According to Dismas Mokua, a political risk analyst with Trintari Insights, fake news pose the danger of compromising the integrity and credibility of the General Election slated for August 2017.
“Many Kenyans regard social media as a source of credible information, but in the recent past, we have noticed the emergence of fake news on new media platforms as we head to the General Election,” he said.
Mokua said that part from new media networks being used to spread propaganda and lies, some fake news proponents have established websites similar to those owned by established media houses, creating confusion among online users.
“Some of the fake news purveyors are even using Photoshop to spread propaganda and lies as was the case recently of a picture of President Uhuru Kenyatta receiving Wiper leader Kalonzo Musyoka to Jubilee Party,” he said.
Mokua said that the only way for journalists from mainstream media to stop falling for fake news is to do multiple verification of facts because some politicians have hired spin doctors to ensure their opponents are quoted out of context or stories have a spin to meet their propaganda agenda.
The political risk analyst said most of the people spreading fake news are not conventional journalists.
Alphonce Shiundu, an editor with Africa Check, a platform that verifies claims of fake news and public utterances of public interest, says the government and the public should use the Kenya Information Communication Act to deal with fake news.
“The Act has set up the communication and multi-media tribunal which gives any party aggrieved by a journalist or a media enterprise to seek redress,” he said.
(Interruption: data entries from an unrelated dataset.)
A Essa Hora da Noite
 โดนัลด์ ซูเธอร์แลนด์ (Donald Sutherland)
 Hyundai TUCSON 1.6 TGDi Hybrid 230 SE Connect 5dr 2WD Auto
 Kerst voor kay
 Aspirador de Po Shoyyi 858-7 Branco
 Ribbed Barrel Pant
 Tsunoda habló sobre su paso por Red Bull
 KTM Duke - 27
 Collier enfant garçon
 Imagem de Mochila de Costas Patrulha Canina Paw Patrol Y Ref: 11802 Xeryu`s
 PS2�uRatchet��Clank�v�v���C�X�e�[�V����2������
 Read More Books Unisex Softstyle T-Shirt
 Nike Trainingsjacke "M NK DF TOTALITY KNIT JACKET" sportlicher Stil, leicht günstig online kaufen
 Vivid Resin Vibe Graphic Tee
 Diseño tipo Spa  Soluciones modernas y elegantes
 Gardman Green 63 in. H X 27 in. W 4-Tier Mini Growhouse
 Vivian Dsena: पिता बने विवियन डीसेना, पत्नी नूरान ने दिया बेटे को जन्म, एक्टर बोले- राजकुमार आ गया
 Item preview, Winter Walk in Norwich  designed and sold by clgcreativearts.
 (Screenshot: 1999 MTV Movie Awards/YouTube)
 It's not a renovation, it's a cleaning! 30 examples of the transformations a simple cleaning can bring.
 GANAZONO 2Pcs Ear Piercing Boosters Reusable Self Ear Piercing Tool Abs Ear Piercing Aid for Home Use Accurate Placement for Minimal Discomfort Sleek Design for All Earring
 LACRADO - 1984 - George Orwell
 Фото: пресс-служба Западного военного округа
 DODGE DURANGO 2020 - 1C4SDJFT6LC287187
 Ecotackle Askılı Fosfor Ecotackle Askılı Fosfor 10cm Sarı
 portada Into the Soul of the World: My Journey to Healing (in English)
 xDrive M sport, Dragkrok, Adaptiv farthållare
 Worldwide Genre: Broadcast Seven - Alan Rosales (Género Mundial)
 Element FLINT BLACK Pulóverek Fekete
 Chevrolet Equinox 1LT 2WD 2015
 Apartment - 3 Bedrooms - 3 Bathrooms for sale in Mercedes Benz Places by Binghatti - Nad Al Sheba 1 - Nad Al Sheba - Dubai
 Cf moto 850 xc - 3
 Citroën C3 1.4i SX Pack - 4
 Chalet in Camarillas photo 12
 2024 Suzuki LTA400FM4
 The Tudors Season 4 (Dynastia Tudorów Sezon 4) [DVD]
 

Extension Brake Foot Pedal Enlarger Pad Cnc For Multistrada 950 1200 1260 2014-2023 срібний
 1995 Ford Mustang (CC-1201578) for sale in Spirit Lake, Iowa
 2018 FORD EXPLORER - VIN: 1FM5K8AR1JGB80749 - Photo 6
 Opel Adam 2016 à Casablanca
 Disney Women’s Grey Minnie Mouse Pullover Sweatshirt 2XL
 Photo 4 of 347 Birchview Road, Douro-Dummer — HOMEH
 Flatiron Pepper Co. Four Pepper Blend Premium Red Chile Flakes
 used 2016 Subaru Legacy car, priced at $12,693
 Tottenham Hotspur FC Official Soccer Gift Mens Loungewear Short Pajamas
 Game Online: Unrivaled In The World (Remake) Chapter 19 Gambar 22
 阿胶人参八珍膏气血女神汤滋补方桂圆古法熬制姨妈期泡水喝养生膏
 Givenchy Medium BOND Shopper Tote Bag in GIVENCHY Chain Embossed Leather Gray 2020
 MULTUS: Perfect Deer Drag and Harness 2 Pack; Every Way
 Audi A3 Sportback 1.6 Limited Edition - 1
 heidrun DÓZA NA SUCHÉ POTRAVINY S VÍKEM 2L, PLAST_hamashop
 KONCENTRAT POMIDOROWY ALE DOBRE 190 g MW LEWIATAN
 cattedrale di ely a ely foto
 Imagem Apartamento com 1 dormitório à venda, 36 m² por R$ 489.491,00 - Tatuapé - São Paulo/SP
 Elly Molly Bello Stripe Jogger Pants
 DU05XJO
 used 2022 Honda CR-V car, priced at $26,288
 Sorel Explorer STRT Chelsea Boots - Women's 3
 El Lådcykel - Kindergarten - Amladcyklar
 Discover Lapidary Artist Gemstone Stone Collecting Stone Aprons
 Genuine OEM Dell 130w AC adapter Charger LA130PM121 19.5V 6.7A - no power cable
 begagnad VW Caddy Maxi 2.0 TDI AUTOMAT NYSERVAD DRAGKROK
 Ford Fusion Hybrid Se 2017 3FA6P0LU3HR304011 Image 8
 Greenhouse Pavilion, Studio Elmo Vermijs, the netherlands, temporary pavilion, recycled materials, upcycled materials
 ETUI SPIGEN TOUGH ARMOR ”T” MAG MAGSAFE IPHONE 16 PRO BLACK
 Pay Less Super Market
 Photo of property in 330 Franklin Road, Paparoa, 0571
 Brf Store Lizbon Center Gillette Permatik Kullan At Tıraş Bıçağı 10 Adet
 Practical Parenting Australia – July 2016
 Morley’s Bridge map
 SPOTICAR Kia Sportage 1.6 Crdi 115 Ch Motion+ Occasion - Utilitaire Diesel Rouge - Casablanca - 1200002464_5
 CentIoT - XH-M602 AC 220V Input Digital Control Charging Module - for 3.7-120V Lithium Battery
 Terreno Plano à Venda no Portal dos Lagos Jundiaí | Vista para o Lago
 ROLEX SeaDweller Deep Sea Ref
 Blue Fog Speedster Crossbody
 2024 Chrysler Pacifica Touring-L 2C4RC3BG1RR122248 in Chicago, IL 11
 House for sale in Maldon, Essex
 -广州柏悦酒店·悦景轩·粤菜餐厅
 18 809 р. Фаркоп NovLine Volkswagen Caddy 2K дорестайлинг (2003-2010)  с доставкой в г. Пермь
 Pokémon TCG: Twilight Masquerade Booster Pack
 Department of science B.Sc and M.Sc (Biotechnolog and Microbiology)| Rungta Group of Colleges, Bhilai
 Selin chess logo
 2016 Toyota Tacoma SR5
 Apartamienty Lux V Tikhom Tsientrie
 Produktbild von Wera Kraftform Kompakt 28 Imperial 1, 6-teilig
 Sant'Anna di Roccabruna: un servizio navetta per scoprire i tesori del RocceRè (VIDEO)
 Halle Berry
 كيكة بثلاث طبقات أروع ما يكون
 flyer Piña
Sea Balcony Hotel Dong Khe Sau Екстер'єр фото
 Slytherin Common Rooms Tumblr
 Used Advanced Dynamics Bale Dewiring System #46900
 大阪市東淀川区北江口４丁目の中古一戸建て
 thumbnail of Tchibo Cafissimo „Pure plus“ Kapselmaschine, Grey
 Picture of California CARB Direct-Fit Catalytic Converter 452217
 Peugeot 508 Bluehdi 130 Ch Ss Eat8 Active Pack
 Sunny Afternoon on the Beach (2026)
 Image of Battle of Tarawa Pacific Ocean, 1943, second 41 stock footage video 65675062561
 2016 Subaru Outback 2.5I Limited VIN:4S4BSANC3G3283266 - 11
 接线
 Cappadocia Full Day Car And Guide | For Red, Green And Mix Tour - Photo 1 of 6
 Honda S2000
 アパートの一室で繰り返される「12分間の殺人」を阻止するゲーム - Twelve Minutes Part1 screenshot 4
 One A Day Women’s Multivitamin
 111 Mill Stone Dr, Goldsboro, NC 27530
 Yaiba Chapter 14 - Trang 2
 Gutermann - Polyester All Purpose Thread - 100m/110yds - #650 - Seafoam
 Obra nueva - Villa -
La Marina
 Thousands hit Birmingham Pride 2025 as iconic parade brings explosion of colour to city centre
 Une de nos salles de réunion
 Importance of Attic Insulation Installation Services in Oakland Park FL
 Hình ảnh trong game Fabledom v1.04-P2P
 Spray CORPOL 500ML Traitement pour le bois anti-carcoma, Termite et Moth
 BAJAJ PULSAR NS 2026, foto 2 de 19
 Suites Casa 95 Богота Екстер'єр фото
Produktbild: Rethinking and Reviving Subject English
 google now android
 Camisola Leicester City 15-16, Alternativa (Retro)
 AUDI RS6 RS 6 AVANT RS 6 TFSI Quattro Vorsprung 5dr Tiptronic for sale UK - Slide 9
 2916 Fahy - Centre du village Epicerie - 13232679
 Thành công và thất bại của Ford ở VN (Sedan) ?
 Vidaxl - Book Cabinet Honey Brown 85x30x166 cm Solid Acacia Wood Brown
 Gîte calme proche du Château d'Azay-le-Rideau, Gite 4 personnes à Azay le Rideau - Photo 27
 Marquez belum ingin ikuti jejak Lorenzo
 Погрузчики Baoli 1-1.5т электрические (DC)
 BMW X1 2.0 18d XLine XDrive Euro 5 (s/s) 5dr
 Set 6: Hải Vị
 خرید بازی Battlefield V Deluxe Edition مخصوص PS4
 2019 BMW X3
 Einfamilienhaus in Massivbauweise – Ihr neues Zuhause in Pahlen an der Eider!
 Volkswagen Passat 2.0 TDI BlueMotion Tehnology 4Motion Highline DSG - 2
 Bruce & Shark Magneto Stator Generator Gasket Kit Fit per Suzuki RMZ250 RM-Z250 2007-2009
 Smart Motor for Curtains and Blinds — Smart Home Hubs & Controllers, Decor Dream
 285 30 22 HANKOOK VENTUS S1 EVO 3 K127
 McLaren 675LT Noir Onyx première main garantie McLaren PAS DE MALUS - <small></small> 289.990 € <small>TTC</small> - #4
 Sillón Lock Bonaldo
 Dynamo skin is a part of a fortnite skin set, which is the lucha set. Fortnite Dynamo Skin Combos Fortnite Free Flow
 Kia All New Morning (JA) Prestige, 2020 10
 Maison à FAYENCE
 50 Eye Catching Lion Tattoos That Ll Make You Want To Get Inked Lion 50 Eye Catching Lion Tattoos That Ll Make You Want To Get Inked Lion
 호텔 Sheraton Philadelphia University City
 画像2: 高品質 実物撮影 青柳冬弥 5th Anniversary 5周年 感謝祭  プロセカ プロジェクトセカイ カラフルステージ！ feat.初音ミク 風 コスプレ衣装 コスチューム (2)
Shiundu said the communication and multi-media tribunal has powers to demand an apology, issue a public reprimand to a journalist or impose a fine of Sh 500,000 on the guilty journalist.
“Likewise, the tribunal has powers to impose a fine of up to Sh20 million on a media enterprise that violates the provisions of the Kenya Information Communication Act,” he said.
Shiundu noted that social networks like Facebook are working with the International Fact-Checking Network (IFCN) and partner organisations to verify reports of fake news in different countries.
The Kenya Union of Journalists (KUJ) secretary general, Eric Oduor, said guidelines had been developed by media stakeholders that include the Media Council of Kenya and media owners to ensure the public consume accurate and reliable information during the electioneering period.
Oduor said news consumers in the country have raised concerns about the emergence of fake news.
“We have seen a number of emails by concerned news consumers in regard to fake news and steps are being taken to ensure journalists report objectively, impartially and accurately,” he said.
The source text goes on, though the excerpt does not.